The government in Paris struggled to maintain the status quo as Algerians fought against the French army and among each other for different kinds of independence. Those of French descent (often called pieds-noirs, or “black feet”) battled against Muslim traditionalists in what was effectively a simultaneous revolution and civil war. As a teenager, my mother-in-law rode along with ill-equipped French soldiers into dangerous territory, providing basic medical care to indigent villagers, particularly women. You might know that modern hospitals administer antibiotic eyedrops to babies immediately after birth, but did you know that in the field the juice from a sliced lemon can serve as a substitute? It did in the late 1950s in Algeria, anyway.

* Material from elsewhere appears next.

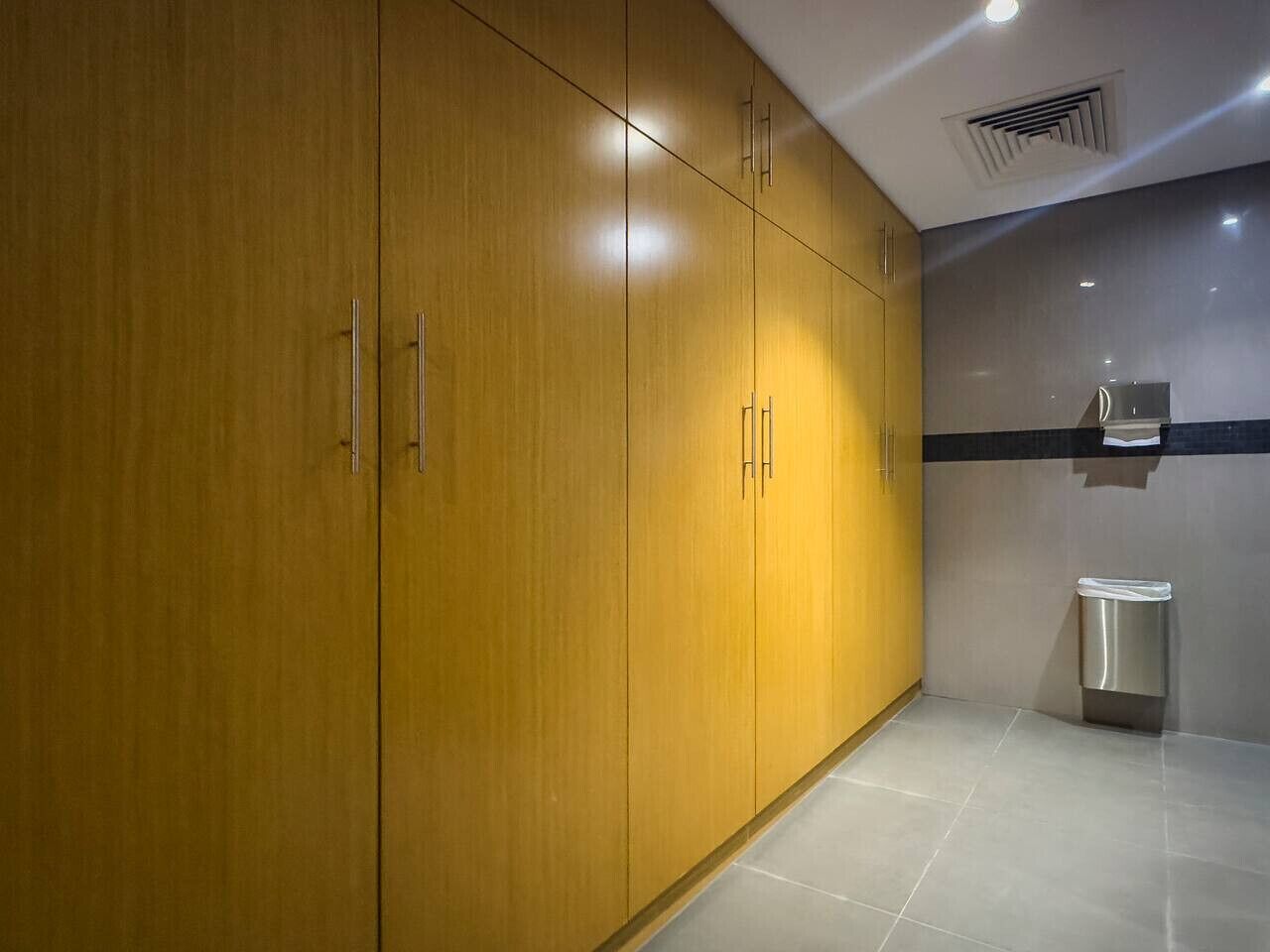 Une salle de bain moderne avec des meubles en bois, un lavabo et une poubelle.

Terrorism and torture characterized the conflict throughout the decade that it lasted, as can be seen in The Battle of Algiers by Gillo Pontecorvo, a harrowing fictional film that achieves a documentary-like reality. The unsavory manner in which the war was prosecuted contributed to its deep unpopularity on the other side of the Mediterranean. The half a million French soldiers dispatched to what were euphemistically called “operations in North Africa” felt ignored and unsupported, much as American troops in Vietnam did. Even afterwards, few wanted to discuss the war, but in the thick of the fight, one novel appeared that addressed it directly. In 1957, Daniel Anselme published On Leave, about three soldiers who return briefly to a home that doesn’t want them. It sank like a stone and wasn’t rediscovered until it was translated in 2014 by David Bellos. His introduction to the new edition expertly contextualizes the story and establishes Anselme’s brilliance. It’s doubtful that any novel has more closely examined the experience of men unmoored by war. To think that he wrote it before history made its judgment and before the battle’s end was even in sight is remarkable.

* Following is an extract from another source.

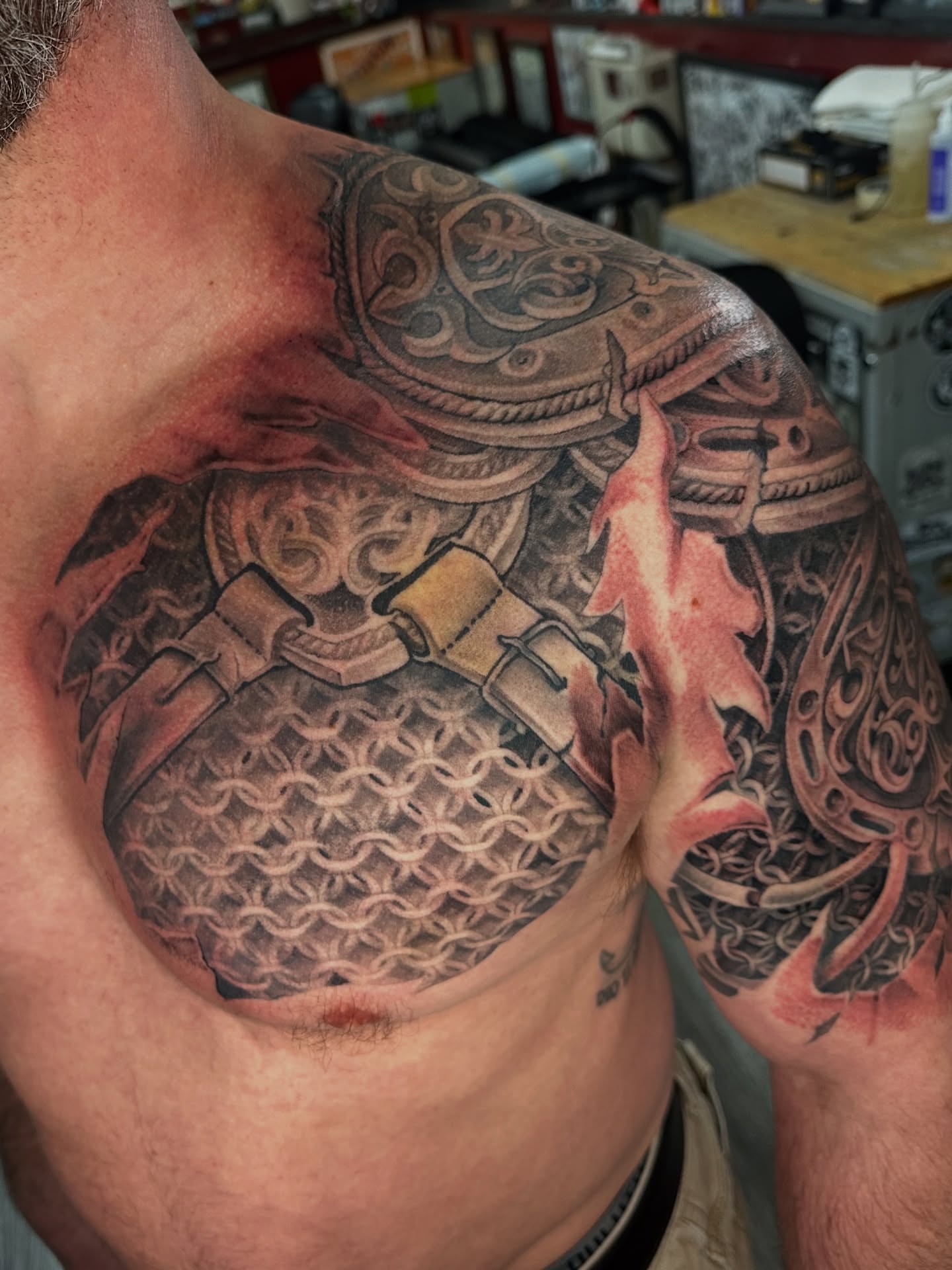 Chainmail armor realism tattoo on the chest by Skoty Fox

The war did end when the new President of France, Charles de Gaulle, unexpectedly agreed to grant Algeria its independence. Over one million pieds-noirs fled to the motherland that many of them had never seen, and so did my mother-in-law. When she emigrated in 1961, officials tried to convince her to change her Arabic-sounding first name to something more conventionally French, but she refused. For a while she cleaned offices at night, and later she found work in the office of Andre Malraux, Minister of Culture, where she and the other admins met Jackie Kennedy at the height of her fame. “Feet the size of boats” was the catty consensus.

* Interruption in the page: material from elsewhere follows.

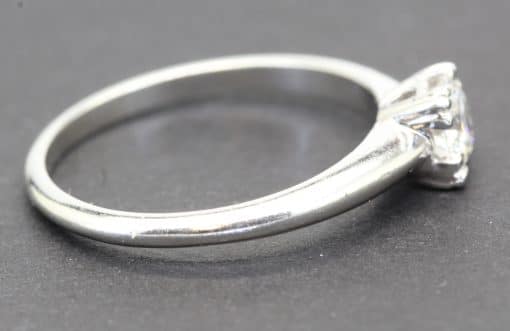 Engagement ring with a sparkling diamond set in a silver band, crafted by Weldons Jewellers.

Around this time she met the man she married, a Catholic Italian-American kid from Brooklyn who had helped Uncle Sam with his police action in Korea and then used the G.I. Bill to become a teacher. His family thought he was crazy to leave New York and move overseas, but he’s glad he did and so am I. If he hadn’t, not only would he never have met his wife, but neither would I have met mine. So we both have a great deal to be thankful for.
How to express that gratitude? A bouquet of flowers may be a more typical token, but that’s not really me. I’m a man of books and words, so these few paragraphs will have to suffice. Merci, ma belle-mère. I’m glad you’re here.